Task to carry out: Print the lines that run from the line with "If the hole" to the line with "Next is transparency", keeping both end lines, exactly as they appear in the entries below, and nothing else.

Data provided:
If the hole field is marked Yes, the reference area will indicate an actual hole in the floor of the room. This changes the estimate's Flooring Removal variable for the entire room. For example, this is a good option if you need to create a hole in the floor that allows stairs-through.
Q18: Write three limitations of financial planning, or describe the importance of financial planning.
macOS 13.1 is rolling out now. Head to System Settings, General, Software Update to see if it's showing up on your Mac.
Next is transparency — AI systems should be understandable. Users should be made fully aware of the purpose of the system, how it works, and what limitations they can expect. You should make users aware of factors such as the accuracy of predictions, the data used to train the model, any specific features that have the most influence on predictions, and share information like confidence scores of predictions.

* * *

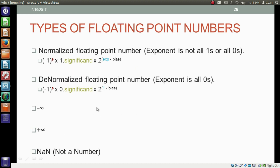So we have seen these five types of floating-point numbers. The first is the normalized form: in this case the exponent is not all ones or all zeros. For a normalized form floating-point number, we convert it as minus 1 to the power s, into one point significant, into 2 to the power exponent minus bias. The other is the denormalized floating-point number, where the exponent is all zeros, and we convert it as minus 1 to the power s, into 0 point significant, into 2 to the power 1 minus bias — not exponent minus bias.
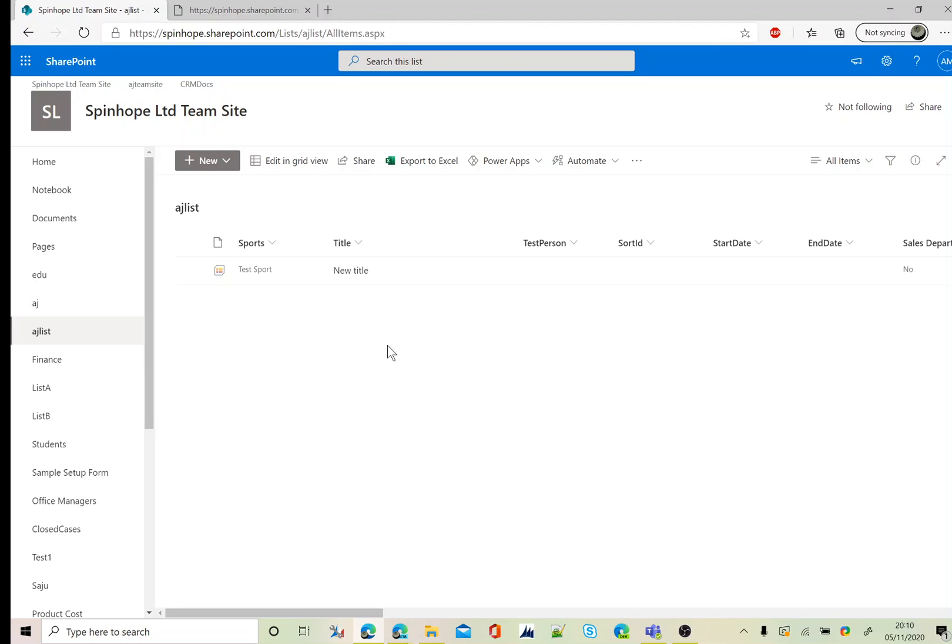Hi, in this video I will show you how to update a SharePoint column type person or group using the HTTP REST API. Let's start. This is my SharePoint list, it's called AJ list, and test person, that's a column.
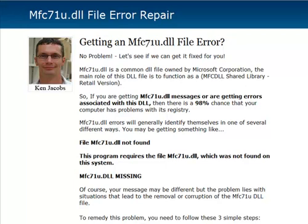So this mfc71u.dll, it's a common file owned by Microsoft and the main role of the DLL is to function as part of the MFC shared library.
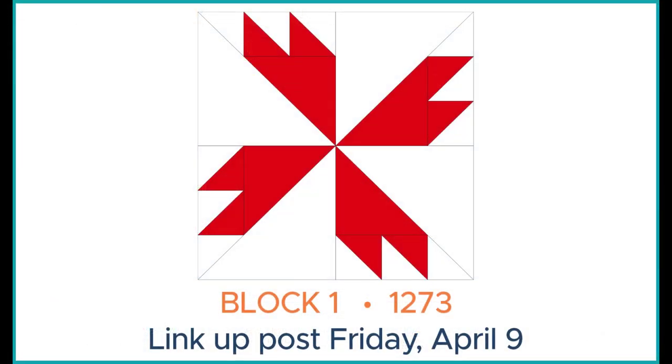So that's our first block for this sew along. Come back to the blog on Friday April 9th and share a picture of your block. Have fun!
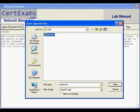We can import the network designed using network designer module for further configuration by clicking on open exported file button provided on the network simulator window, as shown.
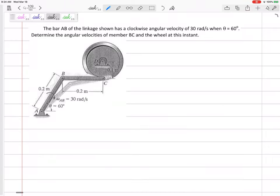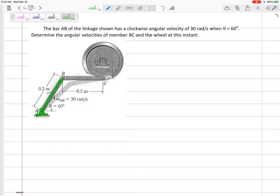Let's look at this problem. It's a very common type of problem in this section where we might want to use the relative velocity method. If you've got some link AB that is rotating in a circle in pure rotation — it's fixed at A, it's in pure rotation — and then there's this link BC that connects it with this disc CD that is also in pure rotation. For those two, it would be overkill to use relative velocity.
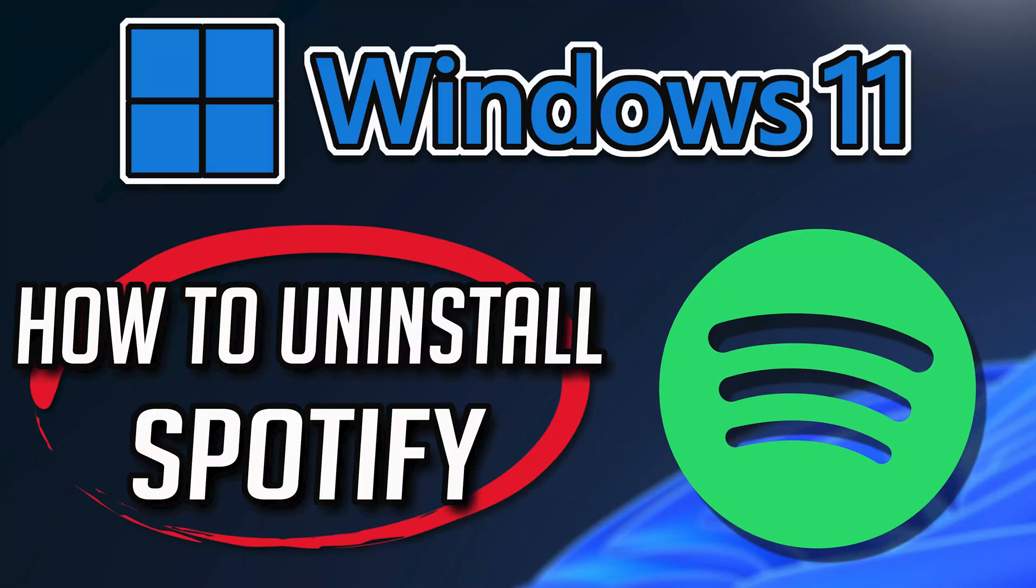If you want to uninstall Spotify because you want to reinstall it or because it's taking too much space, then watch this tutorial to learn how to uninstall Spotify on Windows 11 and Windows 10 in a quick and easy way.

--

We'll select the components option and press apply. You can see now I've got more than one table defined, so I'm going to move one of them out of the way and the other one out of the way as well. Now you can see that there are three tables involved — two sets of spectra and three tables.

Response:
If the hole field is marked Yes, the reference area will indicate an actual hole in the floor of the room. This changes the estimate's Flooring Removal variable for the entire room. For example, this is a good option if you need to create a hole in the floor that allows stairs-through.
Q18: Write three limitations of financial planning, or describe the importance of financial planning.
macOS 13.1 is rolling out now. Head to System Settings, General, Software Update to see if it's showing up on your Mac.
Next is transparency — AI systems should be understandable. Users should be made fully aware of the purpose of the system, how it works, and what limitations they can expect. You should make users aware of factors such as the accuracy of predictions, the data used to train the model, any specific features that have the most influence on predictions, and share information like confidence scores of predictions.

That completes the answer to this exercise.